Ohne je ein Konzept vorgelegt zu haben, durfte Peter Schöttel 2017 spontan das Amt des Sportdirektors beim ÖFB übernehmen. Ob man ihm vorwerfen kann, dass er quasi über Nacht und ohne Vorlaufzeit „Ja“ gesagt hat zu diesem Angebot? Nicht wirklich.
Als erste Amtshandlung legte Schöttel dem Präsidium Franco Foda, Andreas Herzog und Thorsten Fink als Teamchefkandidaten vor. 2022 ist alles anders. „Natürlich weiß ich, weil ich die letzten Jahre sehr nahe an der Mannschaft war, was hier gefragt ist“, sagt der einstige Rapid- und Teamverteidiger über das Anforderungsprofil für den neuen Teamchef, ohne allerdings konkret auf eine mögliche Philosophie oder Denkweise des künftigen Trainers einzugehen.
Mindestens ebenso wichtig wie der passende Coach für die aktuellen Teamspieler wird in den kommenden Monaten allerdings die Erstellung einer eigenen Identität.
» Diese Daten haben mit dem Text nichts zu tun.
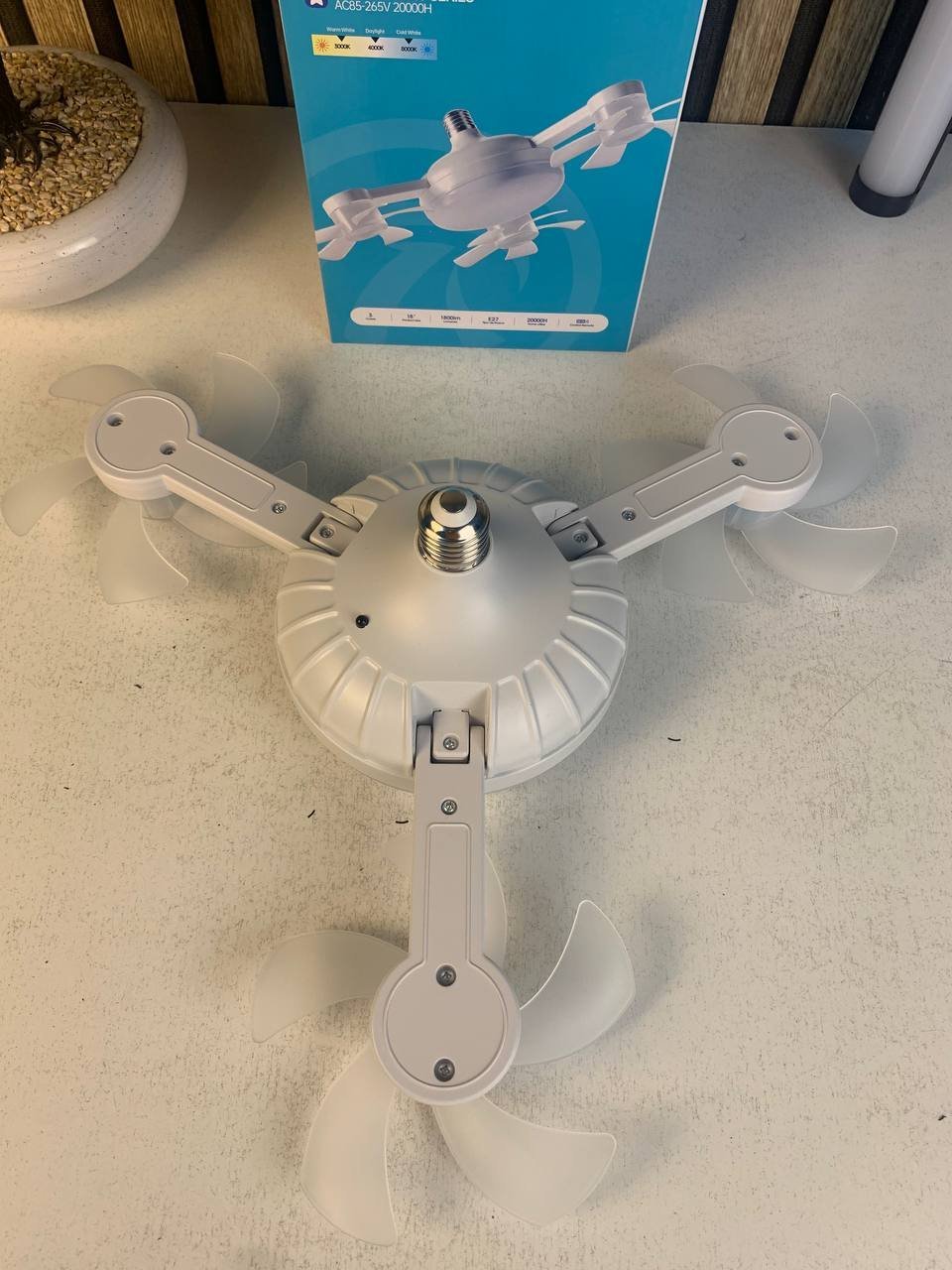 Ventilateur de Plafond LED Style Drone avec Télécommande - مصباح ومروحة السقف الذكية بتصميم درون - الصورة 3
Wofür soll der ÖFB stehen? Wie will man künftig auftreten? Nach welchen Kriterien will man Spieler ausbilden? Fragen wie diese und noch mehr sind beim Fußball-Bund bisher unbeantwortet. Ohne klare Leitlinien wird die Teilnahme an Endrunden aber auch künftig eher die Ausnahme bleiben.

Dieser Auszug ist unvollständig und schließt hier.